As ever, which tool is the right tool depends on the problem you are trying to solve. In my view, one of the major reasons Monte Carlo analysis tools have tended to be most popular is because they have been historically easier to use.

Right click on an input in your spreadsheet model, enter a couple numbers and presto, it’s done. Entering distributions on ten uncertainties is easy. By comparison, walking through that same ten-level decision tree with 59,049 end node branches might become painful (if your software tool can even do it). Yet, for all the reasons, I’ve stated above, Decision Trees can be very valuable, insightful, efficient and (depending upon the decision problem) better than Monte Carlo analysis.
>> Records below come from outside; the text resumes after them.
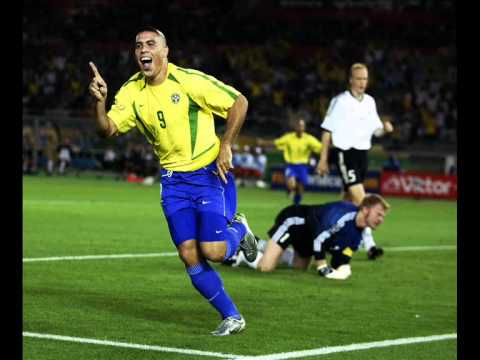 Vinheta Gol do Brasil Rede Globo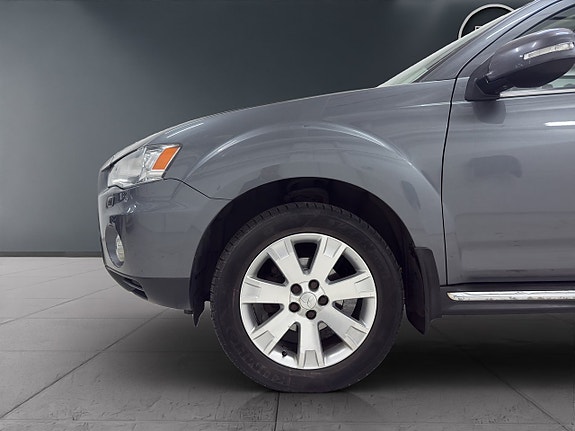 Mitsubishi Outlander 17 of 17
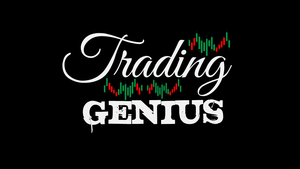 Trading, Candlestick pattern, Stock Market, AMOLED, Black background, Day Trading, 4K wallpaper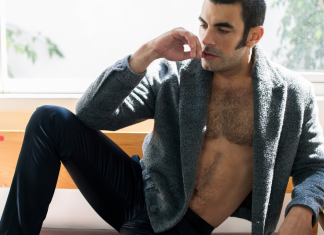 Javier Jattin, el terco Javier Jattin, el terco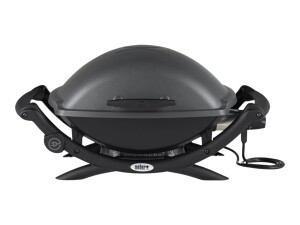 Weber Q 2400 Dark Gray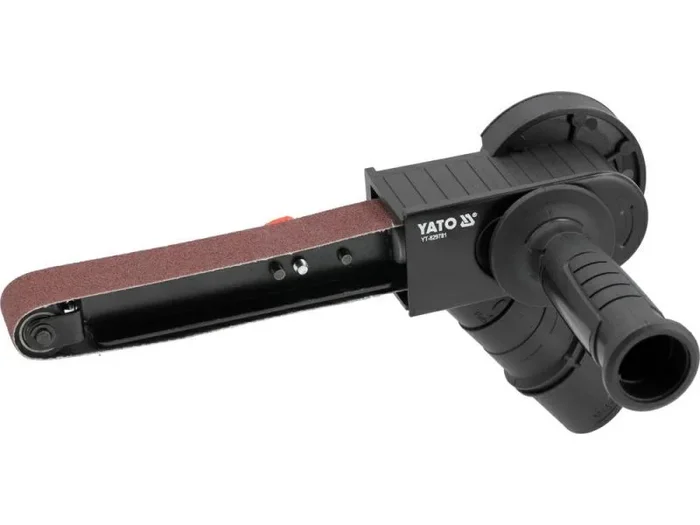 Yato pilnik taśmowy na szlifierkę 125mm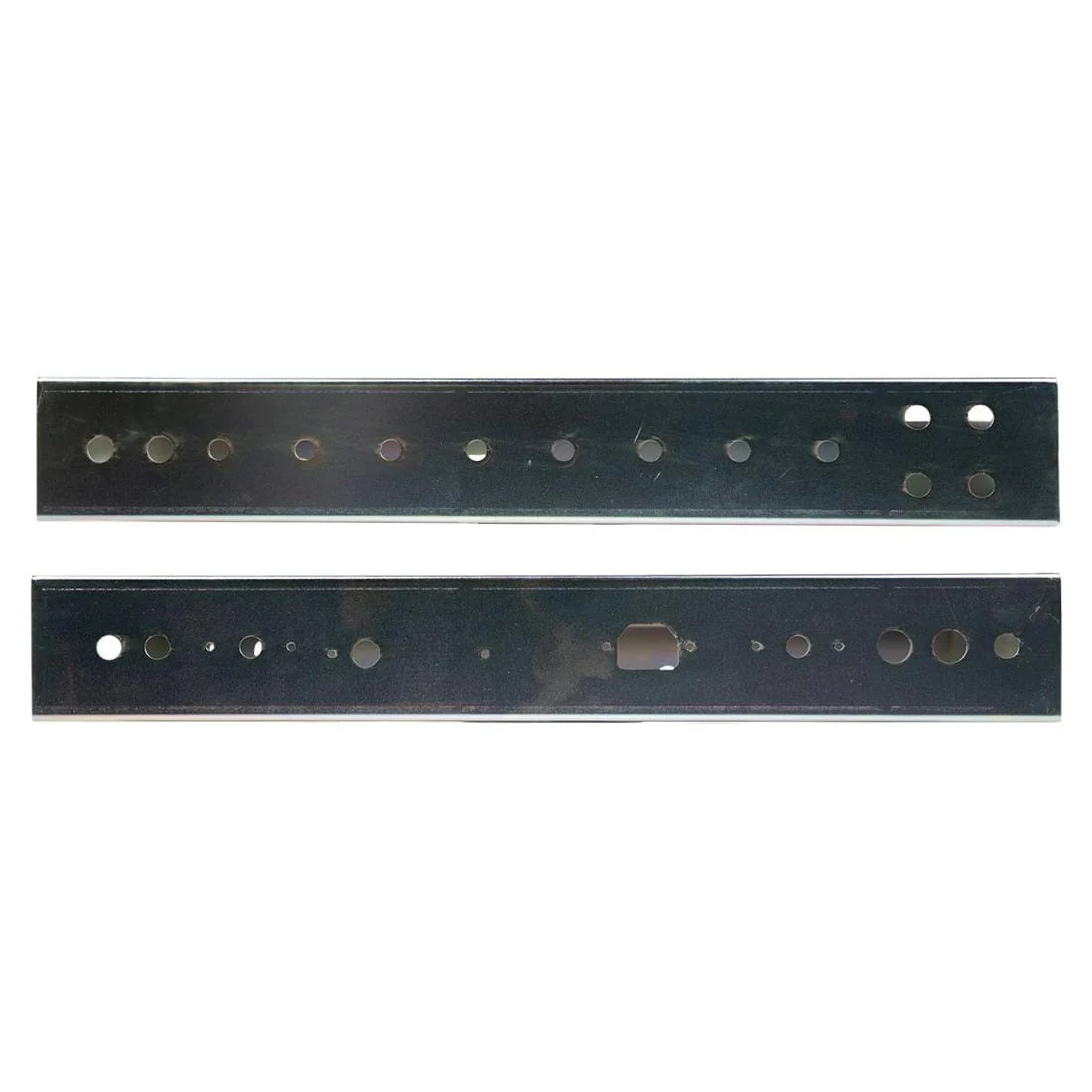Mojotone Custom 100 Chassis - Image 2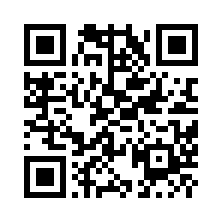 QR Code for bitcoin:1FEzzey66BSoBEXB2yL9LPRGnL1LGKXF3s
As a software developer, I took this as a challenge. Bridge the gap between the ease of use of a Monte Carlo tool and the unique attributes of Decision Tree analysis, one might have a brand new powerful analytic tool. TreeTop™ is my attempt to address this challenge; I will be very interested to hear your thoughts on my efforts.
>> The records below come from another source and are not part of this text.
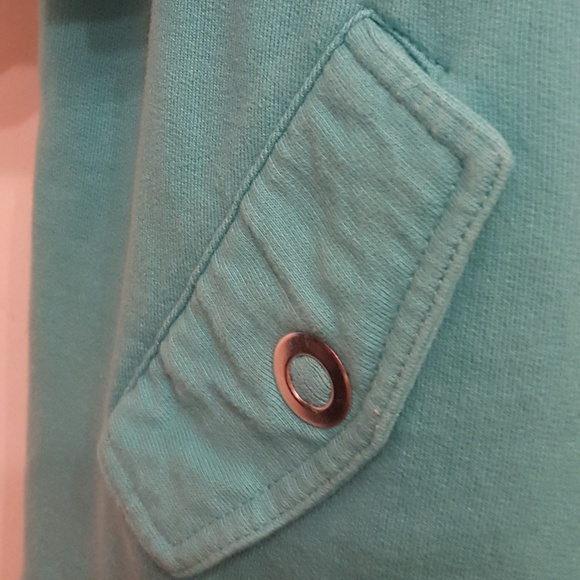 Style & Co. Sport Woman 3X Athleisure Jacket - Picture 5 of 6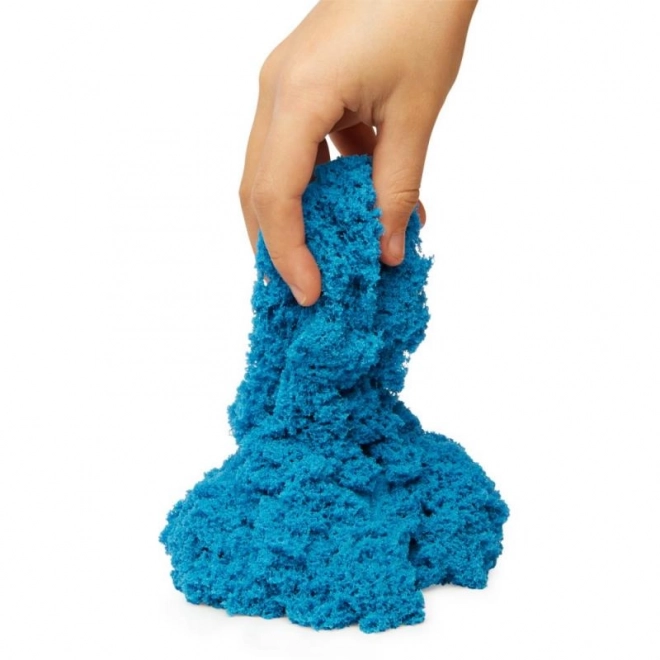 Kinetisch zand Neonkleuren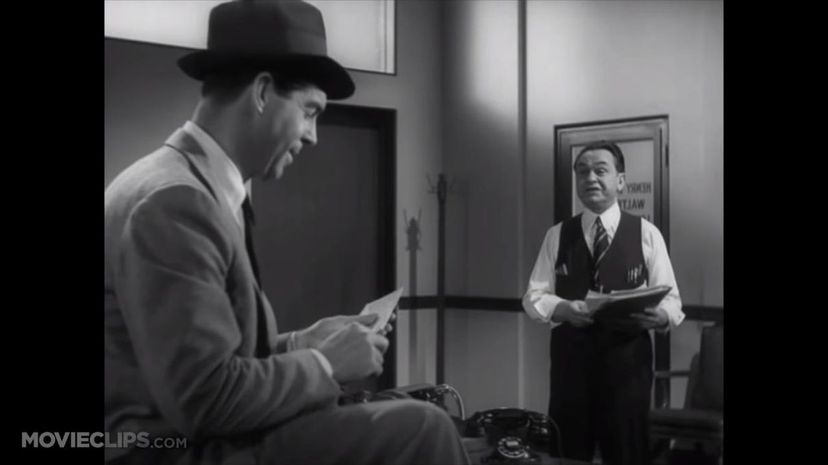 Double Indemnity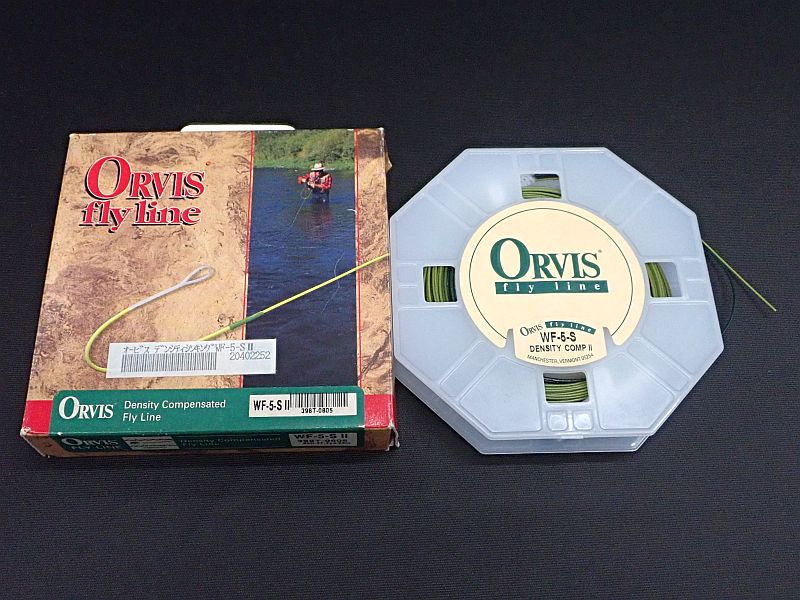 【オービス】 デンシティシンキング WF-5SII 中古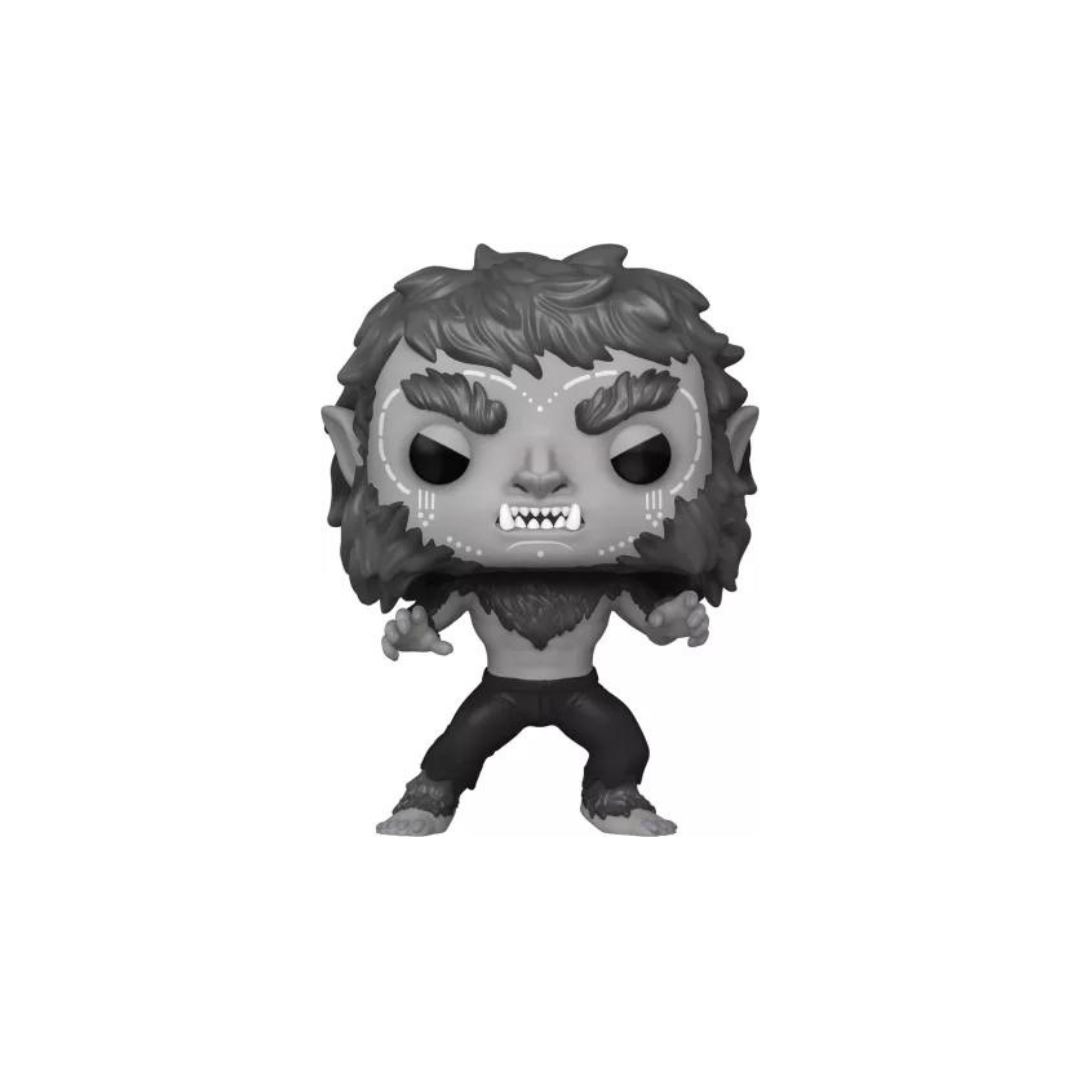 Funko POP! Marvel #1273 The Werewolf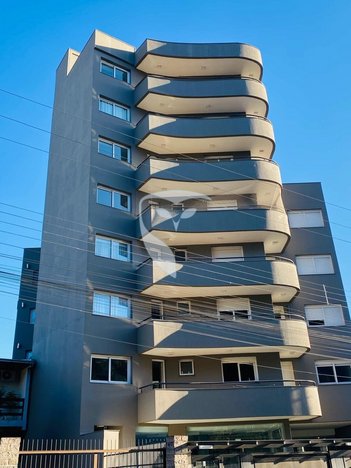 apartment em Rua Filippo Brustolin, São Leopoldo - Caxias do Sul - RS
I appreciate your comments on this article and look forward to more dialogue in this area.

1 comments:

Andrew said...

Hi, Jan.

One useful way to think about decision trees vs Monte Carlo simulation is to look at the probability density functions (pdfs) that underpin the uncertainties that you're modeling.
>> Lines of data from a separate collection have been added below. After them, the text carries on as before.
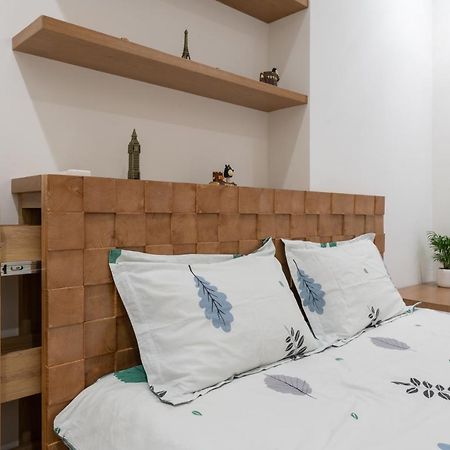 Park Hill No1 Apartment Hanoi Buitenkant foto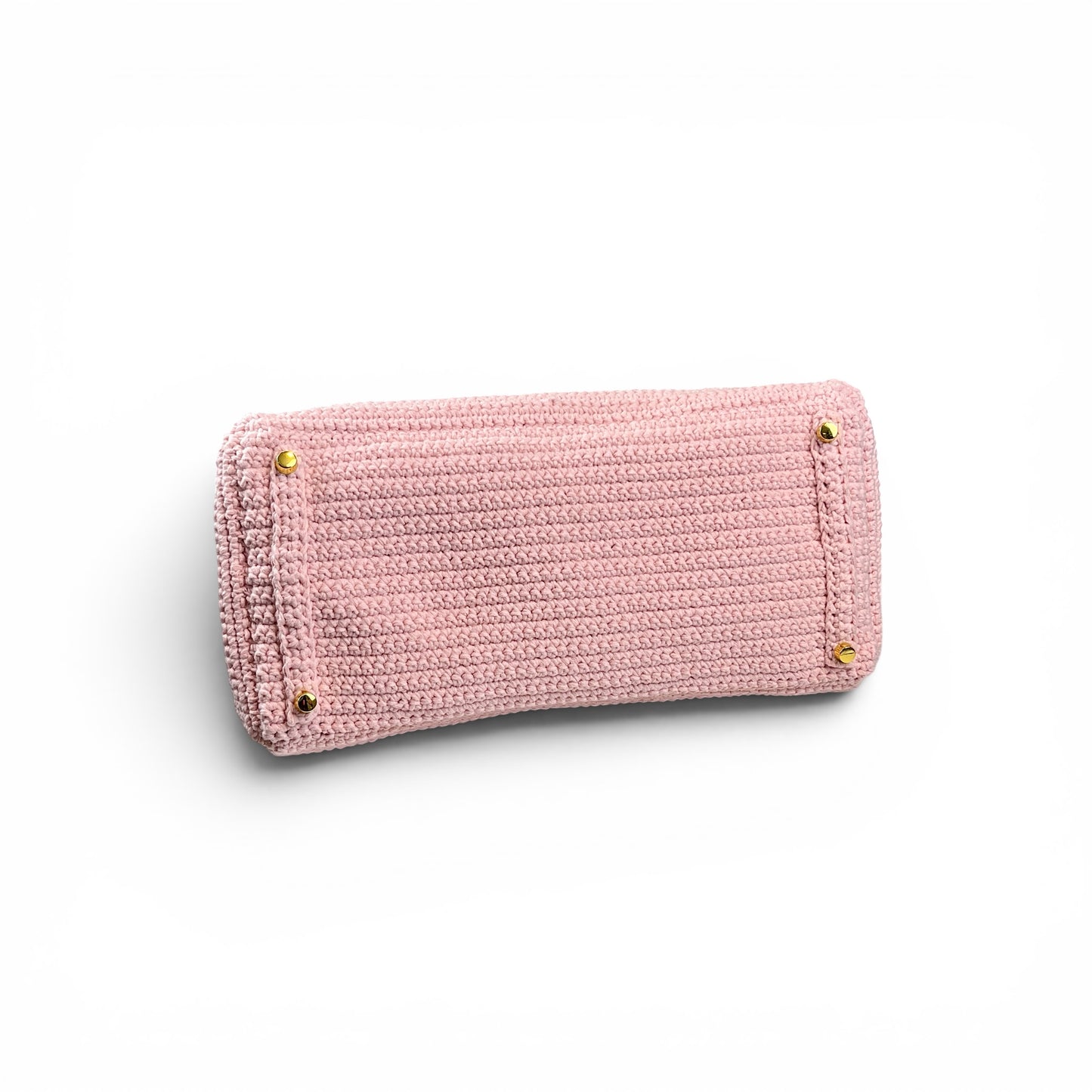 Crochet Birkin 35 Inspired Bag PDF Pattern
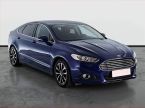 Ford Mondeo - fotka číslo 0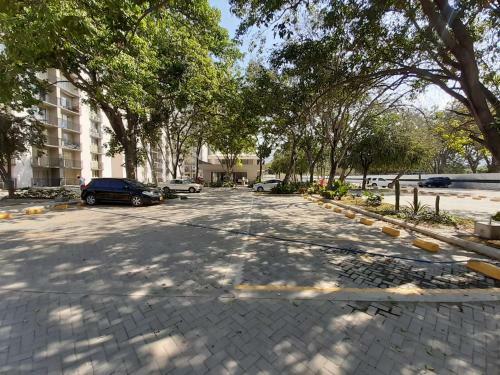 Apartamento Con Vista Al Mar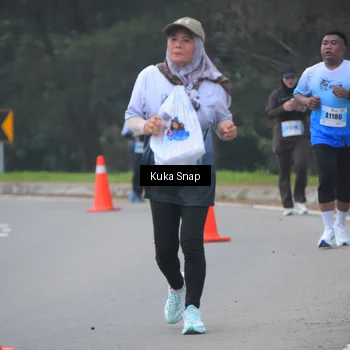 Runner Photo 7256485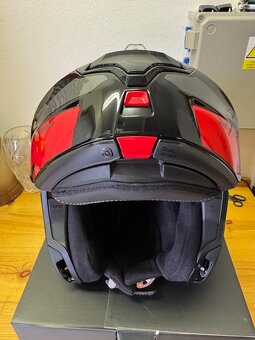 Helma DUCATI HORIZON V3 CARBON - 3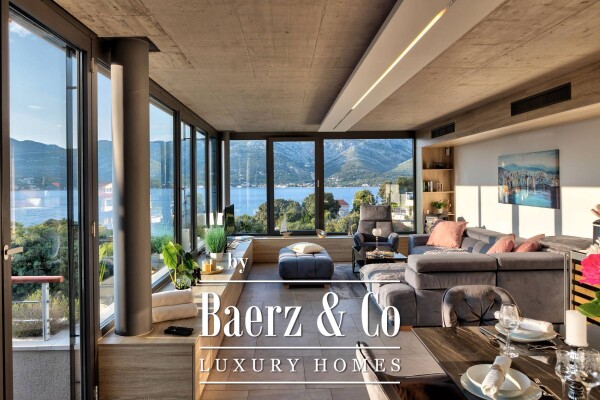 photo 51 Korčula, luxurious modern villa with sea view, unique offer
Let's start with the premise that there's a set of straightforward mathematical function (normal, lognormal, extreme value, poisson, etc) that we can use to characterize the distribution - and for simplicity, let's assume distributions aren't correlated for the moment.

I've found it useful to suggest to people that both simulation and decision trees are approximations to the analytic solutions to the joint pdf that we could calculate if we knew sufficiently advanced calculus. The decision tree uses three areas centered on the P10, P50, P90 values (with 30/40/30 weightings) to make use of Swenson's rule: the simulation approach is a random sampling with more trials generating another approximation to the distribution, one which will vary slightly from trial to trial. Both are approximations, though - and both are imperfect descriptions of reality.

If reality (or your best modeled construct of reality) contains significant discontinuities (for example low probability, high impact events), you had better make sure your quantitative model is equipped to handle it. For example, what if house prices level off, or begin to fall - what happens to the value of mortgage backed securities or collateralized debt obligations? My understanding of the modeling work done on these by rating agencies is that the models blew up in these circumstances, and perhaps this led to a pretty expensive managerial outcome - because the models weren't helpful, managers ignored the (real) probability that the outcome would happen.

In other words, the technical challenge of selecting appropriate distribution functions, correlations, number of trials etc is part of the problem. A more significant question is how good a representation the model is of the underlying problem, and whether it does (potentially) capture outcomes which span the potential outcome space. Get the thinking right, and the maths will follow.